仮想プライベートネットワーク(VPN)は、ユーザーの実際のIPアドレスを外部から見えないように隠し、インターネットにアクセスする際に安全で暗号化されたトンネルを構築することによって、ユーザーのオンライン上での活動やプライバシーを保護します。これにより、見知らぬ第三者がユーザーのインターネット上での行動を監視し、データを盗むことをより困難にします。

VPNを使用することでどんなメリットがあるのかを知るためにも、まずは「バーチャル」「プライベート」「ネットワーク」という言葉を理解する必要があります。VPNは、デジタルサービスなので「バーチャル」といえます。従って、利用する際にハードウェアやケーブルは必要ありません。

VPNは接続を暗号化するので、ユーザーの個人情報などの「プライベート」を安全に保つことができます。また、暗号化されることにより、匿名でインターネットにアクセスすることが可能なので、政府機関やインターネットサービスプロバイダー(ISP)、サイバー犯罪者、およびその他の第三者は、ユーザーのデータにアクセスすることはできません。最後にVPNを使用することで、「ネットワーク」上でユーザーがお使いのデバイスやVPNサーバー、インターネット間の安全な接続を確立することを可能にします。
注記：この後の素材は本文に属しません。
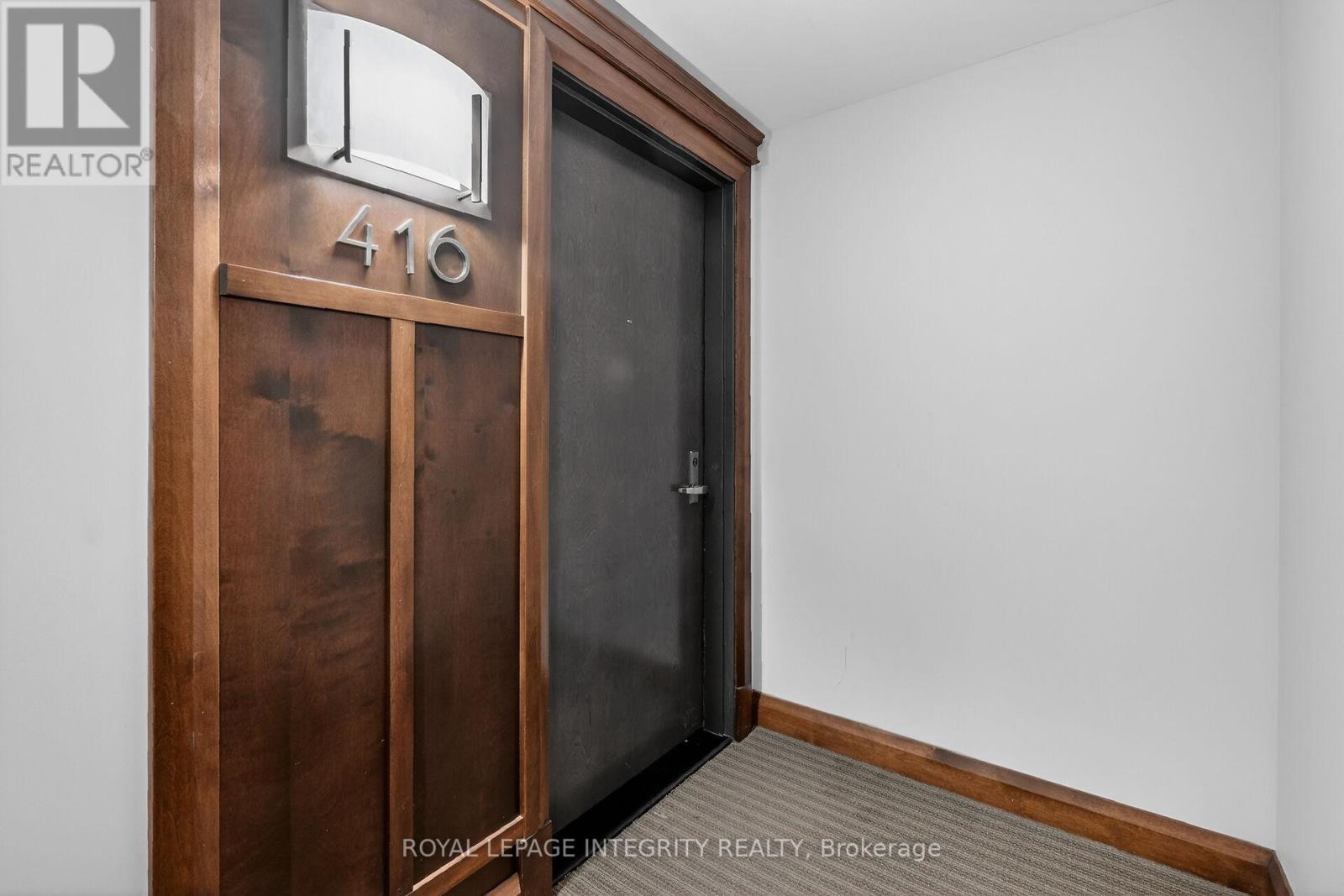 416 - 238 Besserer Street, Ottawa, Ontario  K1N 6B1 - Photo 5 - X12910828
しかし、VPNについて知っておくべきことは、他にもまだあります。こちらの記事では、VPNに関する様々な点を深く掘り下げていきます。

VPNの歴史

ARPANET (Advanced Research Projects Agency Network)は、アメリカ国防総省 (DOD) が作成したインターネットのプロトタイプですが、立ち上げ後に専門家はVPNの必要性を感じました。同時にTCP/IP (Transfer Control Protocol/Internet Protocol) の開発にも影響を与えました。TCP/IPプロトコルは、リンク、インターネット、トランスポート、アプリケーションの4つの段階があります。
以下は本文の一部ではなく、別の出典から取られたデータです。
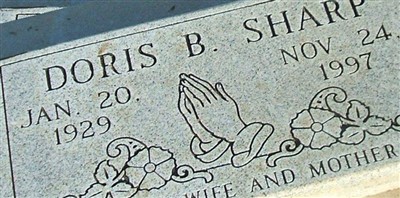 Doris B Sharp Doris B Sharp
インターネットに関しては、ローカルのネットワークやデバイスがグローバルネットワークに接続する場合、漏洩の危険があることが明らかになりました。さらに第三者がネットワークを使用して、デバイスにアクセスすることができるため、サイバーセキュリティ上の懸念も生まれました。

そこで、1993年にコロンビア大学とAT&Tベル研究所の研究者が、最初のVPNであるソフトウェアIP暗号化プロトコル(swIPe)を開発しました。さらにVPN技術は、1994年にWei Xu、1996年にGurdeep Singh-Pallによってそれぞれ生み出されました。PPTP(Peer-to-Peer Tunneling Protocol)はマイクロソフト社の社員であったSingh-Pallが開発し、IPSecはXuが開発しました。その後、VPNは2000年代前半に企業や政府で広く採用され、2010年代半ばからは一般的に個人でも利用するようになりました。

VPNの使用用途

まず、VPNはユーザーがインターネット上でオンライン検索、アップロード、およびダウンロードを行なう際のトラフィック(通信)をISPに送信する前にサーバーを経由して送信します。その結果、ユーザーのデータがインターネットに送信される際にユーザーのデバイスではなく、あたかもVPNサーバーから発信されたかのように見えるようになります。

ユーザーのIPアドレスは、ユーザーが普段使っているネットワーク専用で独自の数字の羅列であり、ISPやその他の関係者はそれがどんな数字なのかを知ることができます。しかし、VPNを使用することでユーザーのIPアドレスを隠し、別の場所のものを割り当てることで外部から本当のIPアドレスを見えないようにします。さらに一度接続すると、暗号化またはトンネルを追加するので、よりユーザーの身元を保護できます。このようにサーバーと暗号化トンネルによって、ISPや政府機関、ハッカーなどにユーザーのオンライン上での行動を監視される心配がなくなります。

VPNの種類

VPNには数多くの種類があるので、以下で紹介します。

  1. 個人向けVPNサービス

個人向けVPNは、「消費者向け」または「商用」VPN とも呼ばれます。インターネットとユーザーのデバイスとの間の仲介役として機能するサーバーに接続可能になり、さらに接続を暗号化することでオンライン上のユーザーの個人情報を隠し、所在地を変更できるようにします。

  1. SSL VPN

企業では、従業員がオフィスや自宅を離れている際に会社のインターネットにリモートでアクセスするためにSSL VPNを使用することがよくあります。また、個人が所有しているデバイスからのアクセスを可能にする一方で、会社のネットワークや従業員のデバイスを悪意のある人物や部外者から保護することもできます。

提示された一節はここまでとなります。